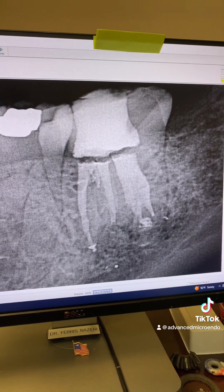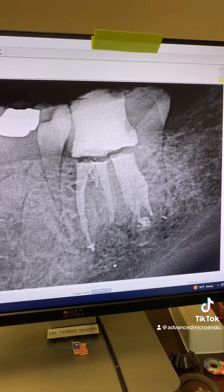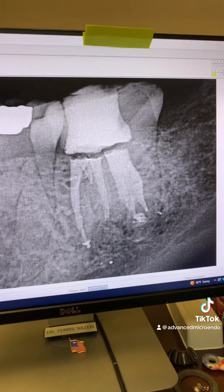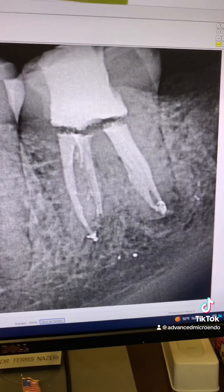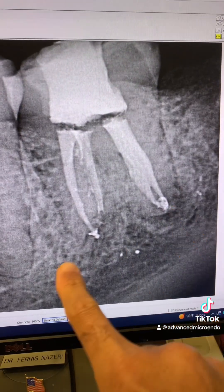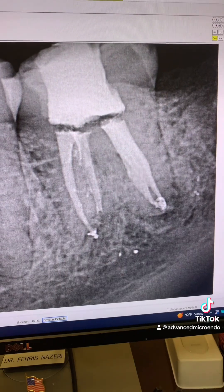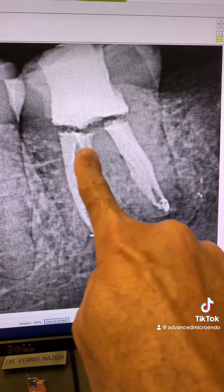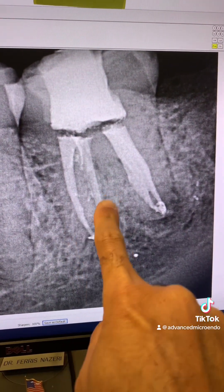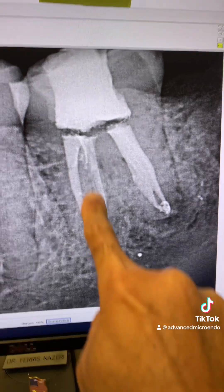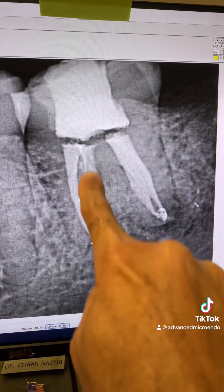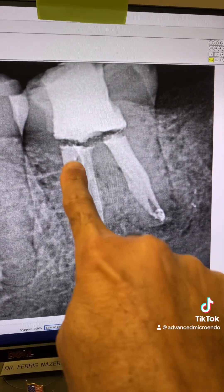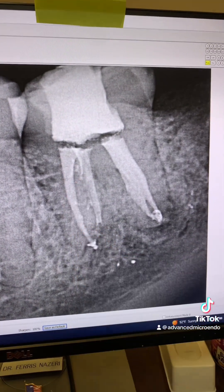All right, so — very good. This is another angulation and you can see all of this anatomy here. Look at all this anatomy, all this anastomosis between the mesial canals.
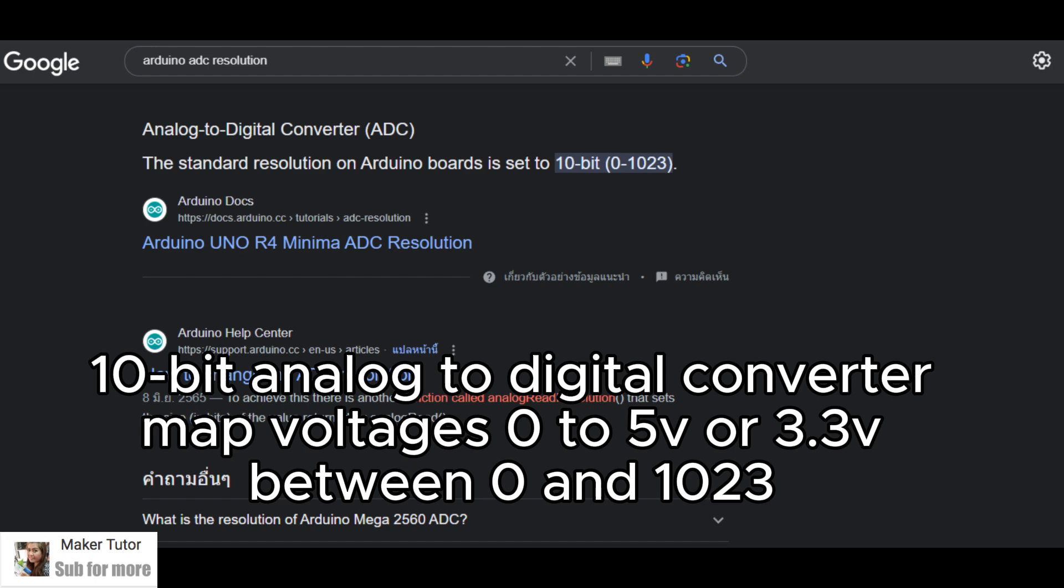There are a few details to reading analog signals. For Arduino Uno, it is 10-bit analog to digital converter. This means that it will map input voltages between 0 and the operating voltage into integer values between 0 and 1023.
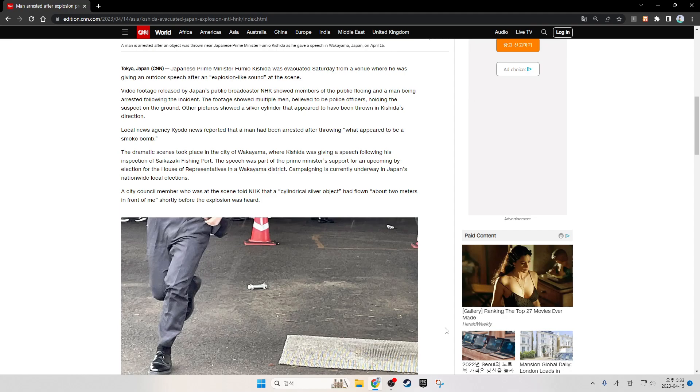Japanese Prime Minister Fumio Kishida was evacuated Saturday from a venue where he was giving an outdoor speech after an explosion-like sound at the scene.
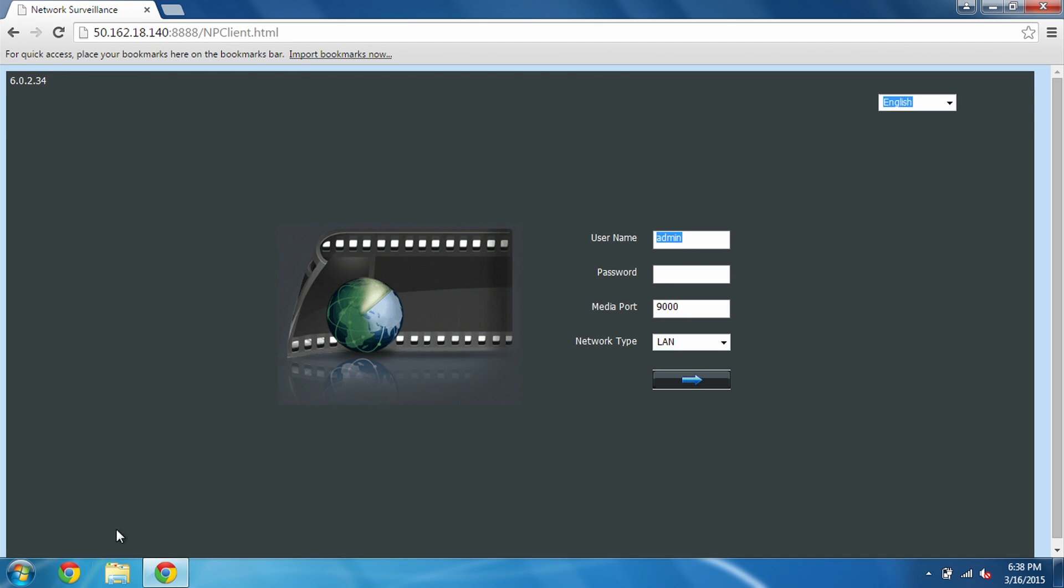It may ask you to install a plugin with a little icon up here. Whatever it is, just click Install, run the program, make sure your plugin's installed. You may have to end up refreshing the page for the plugin to pop in and work correctly.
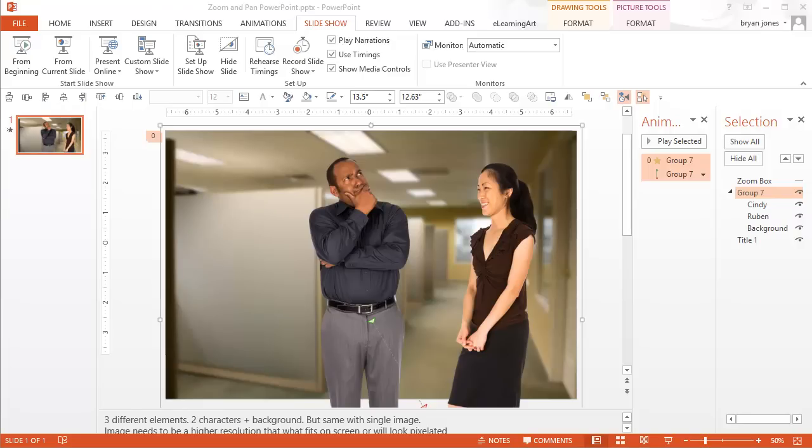Hey, this is Brian Jones from eLearningArt. Today I'm going to show you how to do a zoom and pan effect in PowerPoint and save it out as a video.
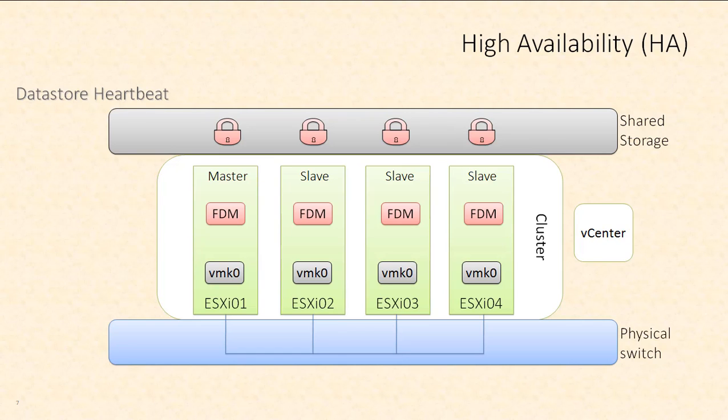High availability uses a mechanism called a datastore heartbeat as an additional way to validate if a host is truly failed or not. So let's take a look at our diagram here.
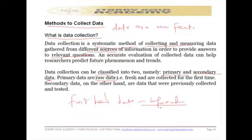Secondary data are data that have been previously collected and tested — data that people have already worked on. It is work from other people which you go and adapt hook, line, and sinker, meaning you make no effort to do any adjustment; you don't modify it, you just pick it and use it. Those are secondary data.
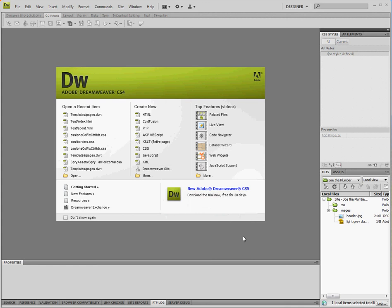Hi everybody, this is Teresa from Teresa Sheridan Designs and today I'm going to show you how to create a template in Dreamweaver and then create pages from that template.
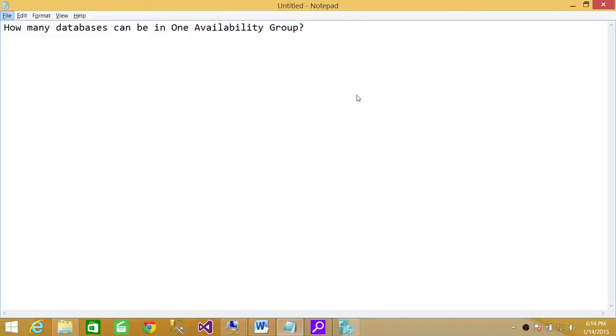Welcome to Tech Brothers. In this video, we're going to answer a question: how many databases can be in one availability group? First of all,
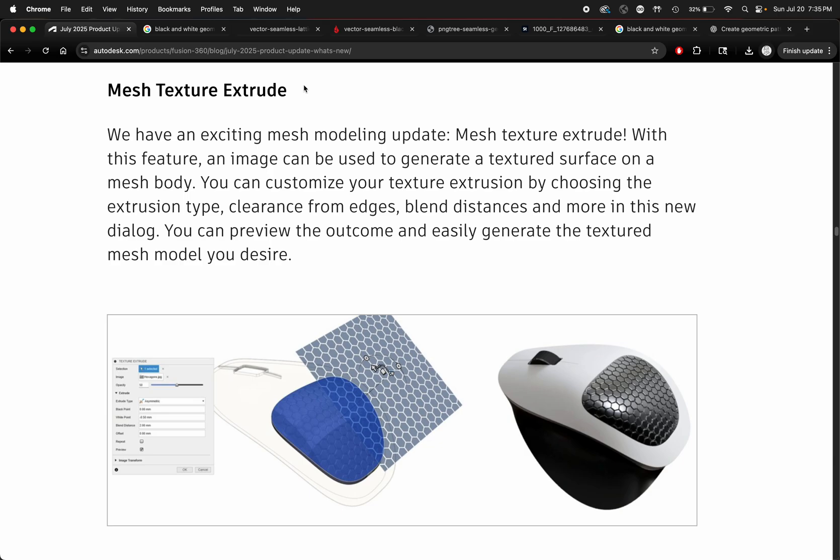Hey guys, if you're looking to add different textures to your 3D models for 3D printing, I've got some pretty good news for you. Autodesk Fusion's latest July update has added a new feature called mesh texture extrude. With this feature, an image can be used to generate a textured surface on a mesh body. You can customize your texture extrusion by choosing the extrusion type, clearance from edges, blend distances and more in this new dialogue.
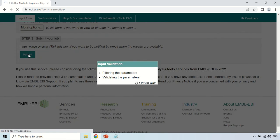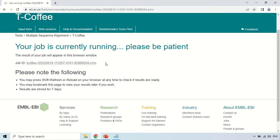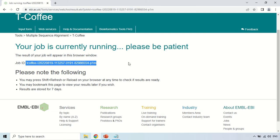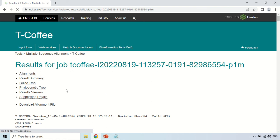As you click Submit, you can see that processing has started. As mentioned here, your job is currently running, and this is the job ID which is generated by the software itself. There are certain instructions: you can refresh or reload this page at any time if results are taking some time. If results take too long, you may also bookmark this page. The results are stored for 7 days on their server, so you must download your results within 7 days.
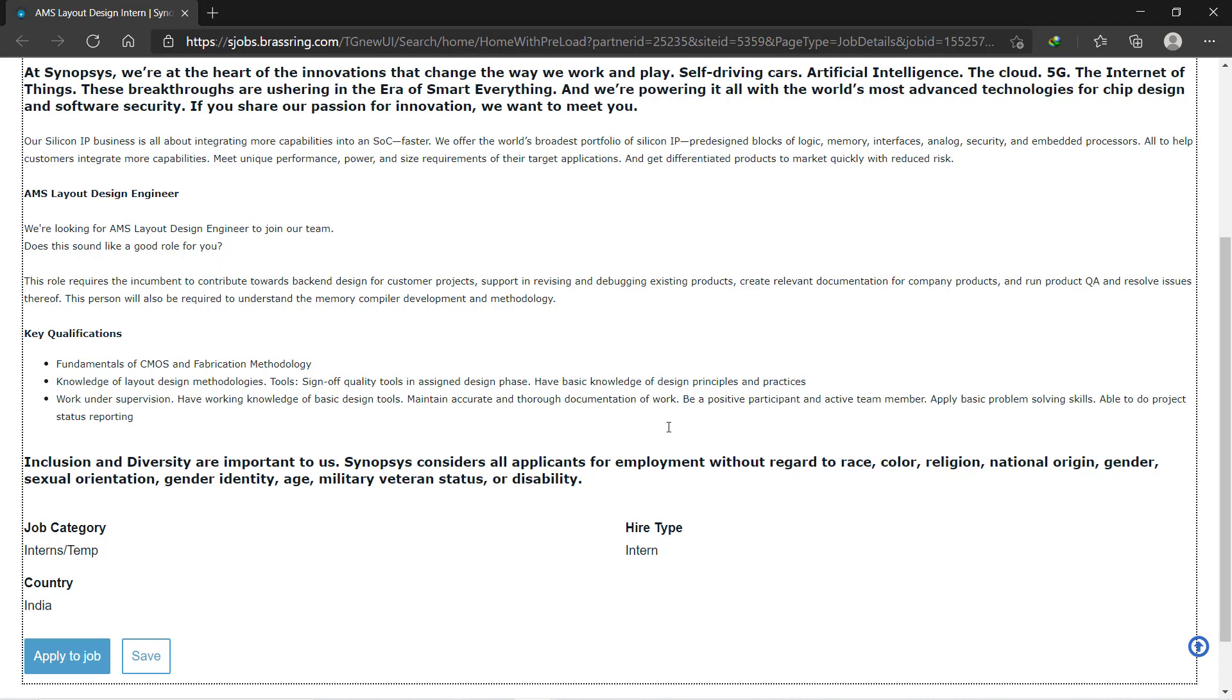You can easily get into it, so make your resume stand out and apply for this job. The link is in the description. If you find any difficulties filling up the form, you can comment below or message me on Instagram.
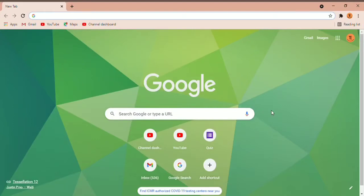What's up guys, this is Adit from Tech is Easy and in today's video I'm going to show you how to use Google Calendar. This video is for beginners who don't know much about Google Calendar — it's just going to be a short tutorial of how to use it and how to create events. So let's get started.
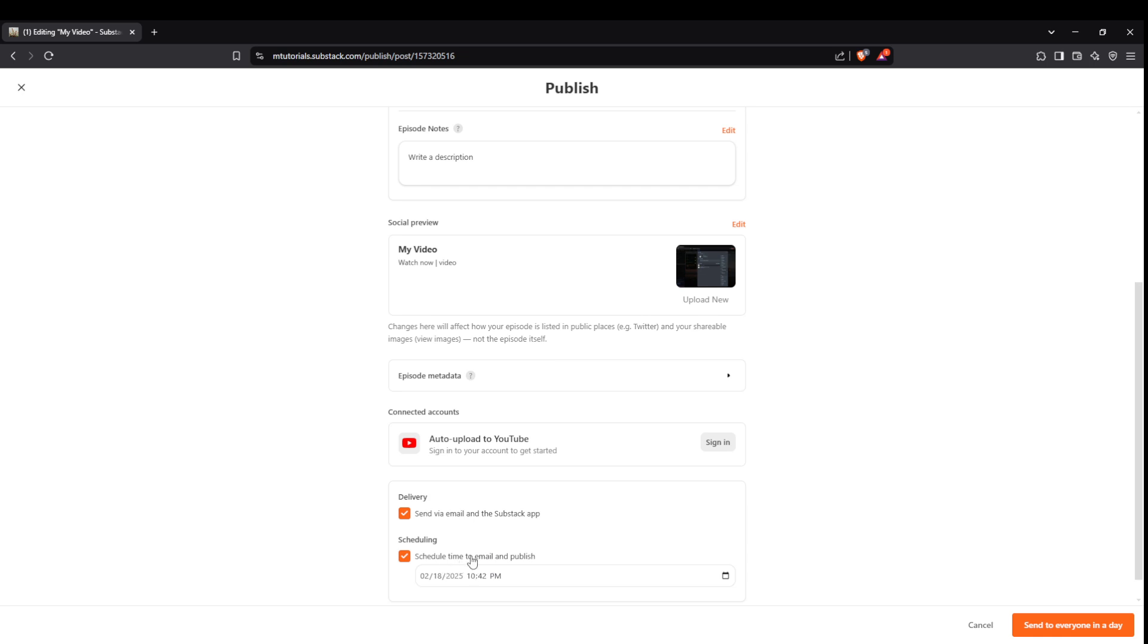Finally, if your post is ready to go, hit send to everyone now, and your video will be live on Substack for your audience to enjoy.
──────
*To do*: Set the pictures aside and reproduce the data above exactly.

*Solution to this problem*:
All right, so — very good. This is another angulation and you can see all of this anatomy here. Look at all this anatomy, all this anastomosis between the mesial canals.
There are a few details to reading analog signals. For Arduino Uno, it is 10-bit analog to digital converter. This means that it will map input voltages between 0 and the operating voltage into integer values between 0 and 1023.
Japanese Prime Minister Fumio Kishida was evacuated Saturday from a venue where he was giving an outdoor speech after an explosion-like sound at the scene.
It may ask you to install a plugin with a little icon up here. Whatever it is, just click Install, run the program, make sure your plugin's installed. You may have to end up refreshing the page for the plugin to pop in and work correctly.
Hey, this is Brian Jones from eLearningArt. Today I'm going to show you how to do a zoom and pan effect in PowerPoint and save it out as a video.
High availability uses a mechanism called a datastore heartbeat as an additional way to validate if a host is truly failed or not. So let's take a look at our diagram here.
Secondary data are data that have been previously collected and tested — data that people have already worked on. It is work from other people which you go and adapt hook, line, and sinker, meaning you make no effort to do any adjustment; you don't modify it, you just pick it and use it. Those are secondary data.
Hi everybody, this is Teresa from Teresa Sheridan Designs and today I'm going to show you how to create a template in Dreamweaver and then create pages from that template.
Welcome to Tech Brothers. In this video, we're going to answer a question: how many databases can be in one availability group? First of all,
Hey guys, if you're looking to add different textures to your 3D models for 3D printing, I've got some pretty good news for you. Autodesk Fusion's latest July update has added a new feature called mesh texture extrude. With this feature, an image can be used to generate a textured surface on a mesh body. You can customize your texture extrusion by choosing the extrusion type, clearance from edges, blend distances and more in this new dialogue.
As you click Submit, you can see that processing has started. As mentioned here, your job is currently running, and this is the job ID which is generated by the software itself. There are certain instructions: you can refresh or reload this page at any time if results are taking some time. If results take too long, you may also bookmark this page. The results are stored for 7 days on their server, so you must download your results within 7 days.
You can easily get into it, so make your resume stand out and apply for this job. The link is in the description. If you find any difficulties filling up the form, you can comment below or message me on Instagram.
What's up guys, this is Adit from Tech is Easy and in today's video I'm going to show you how to use Google Calendar. This video is for beginners who don't know much about Google Calendar — it's just going to be a short tutorial of how to use it and how to create events. So let's get started.
Finally, if your post is ready to go, hit send to everyone now, and your video will be live on Substack for your audience to enjoy.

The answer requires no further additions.